• Instructions for the task:
In the entries below, find the line with "Jetty East Condominium - Residential" and the line with "Bongo astrological dress"; give again those lines and every line between them, exactly.

Extracted records:
────────────────────────────────────────

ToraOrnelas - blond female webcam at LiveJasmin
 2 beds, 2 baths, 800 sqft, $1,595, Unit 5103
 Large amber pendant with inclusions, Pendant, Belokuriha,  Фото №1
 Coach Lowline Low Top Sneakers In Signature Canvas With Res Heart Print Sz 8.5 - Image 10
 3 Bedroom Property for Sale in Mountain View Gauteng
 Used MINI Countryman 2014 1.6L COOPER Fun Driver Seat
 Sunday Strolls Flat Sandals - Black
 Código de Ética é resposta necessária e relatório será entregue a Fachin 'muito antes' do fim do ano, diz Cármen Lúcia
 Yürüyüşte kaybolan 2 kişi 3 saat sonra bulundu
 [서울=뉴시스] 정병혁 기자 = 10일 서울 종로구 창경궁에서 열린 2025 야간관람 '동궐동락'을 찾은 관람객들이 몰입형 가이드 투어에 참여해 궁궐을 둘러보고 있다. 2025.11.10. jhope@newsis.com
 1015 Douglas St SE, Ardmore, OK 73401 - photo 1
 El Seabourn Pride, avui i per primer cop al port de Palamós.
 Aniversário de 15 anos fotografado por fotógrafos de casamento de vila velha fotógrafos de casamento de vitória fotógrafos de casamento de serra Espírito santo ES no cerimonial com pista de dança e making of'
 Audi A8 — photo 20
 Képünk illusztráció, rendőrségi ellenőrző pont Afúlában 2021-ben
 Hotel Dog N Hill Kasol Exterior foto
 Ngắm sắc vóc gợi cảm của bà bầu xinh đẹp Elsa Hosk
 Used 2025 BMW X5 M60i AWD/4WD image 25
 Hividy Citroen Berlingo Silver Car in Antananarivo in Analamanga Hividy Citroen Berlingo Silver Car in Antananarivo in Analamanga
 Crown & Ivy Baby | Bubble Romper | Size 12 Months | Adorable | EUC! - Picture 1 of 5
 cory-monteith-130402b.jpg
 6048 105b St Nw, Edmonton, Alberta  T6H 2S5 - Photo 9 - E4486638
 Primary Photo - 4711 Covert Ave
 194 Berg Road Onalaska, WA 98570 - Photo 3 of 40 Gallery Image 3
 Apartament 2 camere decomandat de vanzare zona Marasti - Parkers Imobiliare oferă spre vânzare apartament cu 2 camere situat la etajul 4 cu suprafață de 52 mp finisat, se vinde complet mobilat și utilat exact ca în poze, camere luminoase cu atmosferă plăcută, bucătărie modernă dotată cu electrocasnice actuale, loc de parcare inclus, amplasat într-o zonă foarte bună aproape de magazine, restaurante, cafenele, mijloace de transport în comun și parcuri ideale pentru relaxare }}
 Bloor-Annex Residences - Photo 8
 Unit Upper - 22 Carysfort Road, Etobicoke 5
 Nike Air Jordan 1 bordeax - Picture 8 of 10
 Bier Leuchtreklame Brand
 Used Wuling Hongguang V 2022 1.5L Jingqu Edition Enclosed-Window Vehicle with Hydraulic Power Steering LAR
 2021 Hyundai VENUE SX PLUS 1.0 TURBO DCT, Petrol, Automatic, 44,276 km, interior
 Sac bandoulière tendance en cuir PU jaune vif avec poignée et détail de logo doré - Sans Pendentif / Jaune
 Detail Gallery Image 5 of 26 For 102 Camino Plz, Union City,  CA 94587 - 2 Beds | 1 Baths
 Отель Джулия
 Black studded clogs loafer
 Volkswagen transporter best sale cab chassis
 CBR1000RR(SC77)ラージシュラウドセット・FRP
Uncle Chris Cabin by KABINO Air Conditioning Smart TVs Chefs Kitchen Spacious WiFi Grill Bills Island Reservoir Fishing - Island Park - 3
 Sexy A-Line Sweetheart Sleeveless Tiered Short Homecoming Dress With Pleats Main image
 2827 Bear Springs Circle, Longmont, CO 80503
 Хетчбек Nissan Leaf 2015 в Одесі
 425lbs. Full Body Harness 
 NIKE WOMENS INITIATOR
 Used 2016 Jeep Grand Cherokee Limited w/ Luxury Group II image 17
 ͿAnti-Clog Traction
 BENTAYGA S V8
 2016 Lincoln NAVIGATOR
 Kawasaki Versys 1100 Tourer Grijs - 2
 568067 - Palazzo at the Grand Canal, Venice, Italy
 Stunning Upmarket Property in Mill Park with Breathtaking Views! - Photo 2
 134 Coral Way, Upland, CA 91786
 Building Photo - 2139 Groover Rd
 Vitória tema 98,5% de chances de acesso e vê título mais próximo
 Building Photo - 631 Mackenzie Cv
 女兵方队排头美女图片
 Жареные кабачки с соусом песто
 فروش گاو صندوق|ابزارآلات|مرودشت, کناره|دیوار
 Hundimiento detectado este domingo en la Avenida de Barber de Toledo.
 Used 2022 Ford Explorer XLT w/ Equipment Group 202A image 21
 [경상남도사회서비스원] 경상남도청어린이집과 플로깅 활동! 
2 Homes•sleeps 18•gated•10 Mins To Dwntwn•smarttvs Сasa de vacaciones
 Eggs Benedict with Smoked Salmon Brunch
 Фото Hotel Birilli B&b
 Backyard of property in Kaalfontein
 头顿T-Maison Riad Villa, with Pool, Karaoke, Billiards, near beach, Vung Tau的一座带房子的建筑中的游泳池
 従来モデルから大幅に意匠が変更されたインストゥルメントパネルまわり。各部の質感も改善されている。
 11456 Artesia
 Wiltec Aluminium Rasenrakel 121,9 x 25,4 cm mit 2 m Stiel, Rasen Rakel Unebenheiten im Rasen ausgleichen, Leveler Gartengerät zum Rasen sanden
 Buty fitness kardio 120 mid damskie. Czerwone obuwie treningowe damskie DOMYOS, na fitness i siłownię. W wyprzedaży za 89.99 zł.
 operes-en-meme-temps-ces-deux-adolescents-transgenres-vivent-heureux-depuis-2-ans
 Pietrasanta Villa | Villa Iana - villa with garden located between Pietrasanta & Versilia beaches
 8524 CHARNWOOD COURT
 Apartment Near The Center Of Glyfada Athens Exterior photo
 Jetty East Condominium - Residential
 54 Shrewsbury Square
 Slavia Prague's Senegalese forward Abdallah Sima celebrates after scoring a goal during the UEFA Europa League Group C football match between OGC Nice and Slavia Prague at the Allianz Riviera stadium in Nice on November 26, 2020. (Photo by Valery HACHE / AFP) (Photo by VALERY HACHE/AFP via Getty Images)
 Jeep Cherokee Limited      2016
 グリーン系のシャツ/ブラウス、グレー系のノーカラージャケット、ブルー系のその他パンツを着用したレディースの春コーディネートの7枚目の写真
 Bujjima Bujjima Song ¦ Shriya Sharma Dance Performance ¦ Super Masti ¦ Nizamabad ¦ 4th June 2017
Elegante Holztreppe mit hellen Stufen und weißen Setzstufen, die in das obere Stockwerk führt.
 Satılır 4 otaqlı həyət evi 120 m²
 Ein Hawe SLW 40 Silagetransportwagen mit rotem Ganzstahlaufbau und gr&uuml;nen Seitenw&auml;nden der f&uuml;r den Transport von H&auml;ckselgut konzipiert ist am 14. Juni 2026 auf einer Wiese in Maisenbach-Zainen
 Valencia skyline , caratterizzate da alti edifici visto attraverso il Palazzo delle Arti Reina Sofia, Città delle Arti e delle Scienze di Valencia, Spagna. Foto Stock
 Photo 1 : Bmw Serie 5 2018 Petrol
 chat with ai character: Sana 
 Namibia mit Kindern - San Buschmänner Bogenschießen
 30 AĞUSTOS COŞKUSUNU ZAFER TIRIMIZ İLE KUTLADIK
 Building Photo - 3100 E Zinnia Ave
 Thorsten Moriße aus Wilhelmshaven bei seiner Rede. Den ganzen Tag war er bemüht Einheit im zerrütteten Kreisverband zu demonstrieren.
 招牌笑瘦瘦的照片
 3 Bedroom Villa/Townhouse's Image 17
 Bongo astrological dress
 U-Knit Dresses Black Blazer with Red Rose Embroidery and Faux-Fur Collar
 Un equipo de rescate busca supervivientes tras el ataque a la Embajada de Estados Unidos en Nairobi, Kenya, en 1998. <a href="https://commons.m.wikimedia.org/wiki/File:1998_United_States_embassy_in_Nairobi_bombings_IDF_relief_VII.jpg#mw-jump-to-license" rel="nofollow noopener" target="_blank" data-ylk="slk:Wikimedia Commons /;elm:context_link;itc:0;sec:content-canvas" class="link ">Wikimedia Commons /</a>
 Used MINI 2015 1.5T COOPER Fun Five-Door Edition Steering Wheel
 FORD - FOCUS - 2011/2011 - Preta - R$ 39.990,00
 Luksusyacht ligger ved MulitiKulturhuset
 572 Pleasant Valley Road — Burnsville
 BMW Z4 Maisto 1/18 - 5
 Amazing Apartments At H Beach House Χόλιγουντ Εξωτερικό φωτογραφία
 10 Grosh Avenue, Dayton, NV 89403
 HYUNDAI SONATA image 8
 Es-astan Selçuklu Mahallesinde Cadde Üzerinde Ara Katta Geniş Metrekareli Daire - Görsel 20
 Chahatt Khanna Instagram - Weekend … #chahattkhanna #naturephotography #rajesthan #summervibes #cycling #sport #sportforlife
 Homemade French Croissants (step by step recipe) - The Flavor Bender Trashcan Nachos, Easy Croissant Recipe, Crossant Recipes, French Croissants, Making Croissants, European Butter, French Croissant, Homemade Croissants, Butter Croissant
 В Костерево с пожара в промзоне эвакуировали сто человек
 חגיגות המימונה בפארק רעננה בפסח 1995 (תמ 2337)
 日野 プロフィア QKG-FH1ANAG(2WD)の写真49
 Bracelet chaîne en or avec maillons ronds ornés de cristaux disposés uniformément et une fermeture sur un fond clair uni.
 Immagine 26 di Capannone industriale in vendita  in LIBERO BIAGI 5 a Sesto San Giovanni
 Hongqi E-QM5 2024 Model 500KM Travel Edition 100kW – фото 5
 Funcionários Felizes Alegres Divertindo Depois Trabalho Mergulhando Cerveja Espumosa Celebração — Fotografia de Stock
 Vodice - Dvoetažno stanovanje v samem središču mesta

────────────────────────────────────────

• Written reply:
 Jetty East Condominium - Residential
 54 Shrewsbury Square
 Slavia Prague's Senegalese forward Abdallah Sima celebrates after scoring a goal during the UEFA Europa League Group C football match between OGC Nice and Slavia Prague at the Allianz Riviera stadium in Nice on November 26, 2020. (Photo by Valery HACHE / AFP) (Photo by VALERY HACHE/AFP via Getty Images)
 Jeep Cherokee Limited      2016
 グリーン系のシャツ/ブラウス、グレー系のノーカラージャケット、ブルー系のその他パンツを着用したレディースの春コーディネートの7枚目の写真
 Bujjima Bujjima Song ¦ Shriya Sharma Dance Performance ¦ Super Masti ¦ Nizamabad ¦ 4th June 2017
Elegante Holztreppe mit hellen Stufen und weißen Setzstufen, die in das obere Stockwerk führt.
 Satılır 4 otaqlı həyət evi 120 m²
 Ein Hawe SLW 40 Silagetransportwagen mit rotem Ganzstahlaufbau und gr&uuml;nen Seitenw&auml;nden der f&uuml;r den Transport von H&auml;ckselgut konzipiert ist am 14. Juni 2026 auf einer Wiese in Maisenbach-Zainen
 Valencia skyline , caratterizzate da alti edifici visto attraverso il Palazzo delle Arti Reina Sofia, Città delle Arti e delle Scienze di Valencia, Spagna. Foto Stock
 Photo 1 : Bmw Serie 5 2018 Petrol
 chat with ai character: Sana 
 Namibia mit Kindern - San Buschmänner Bogenschießen
 30 AĞUSTOS COŞKUSUNU ZAFER TIRIMIZ İLE KUTLADIK
 Building Photo - 3100 E Zinnia Ave
 Thorsten Moriße aus Wilhelmshaven bei seiner Rede. Den ganzen Tag war er bemüht Einheit im zerrütteten Kreisverband zu demonstrieren.
 招牌笑瘦瘦的照片
 3 Bedroom Villa/Townhouse's Image 17
 Bongo astrological dress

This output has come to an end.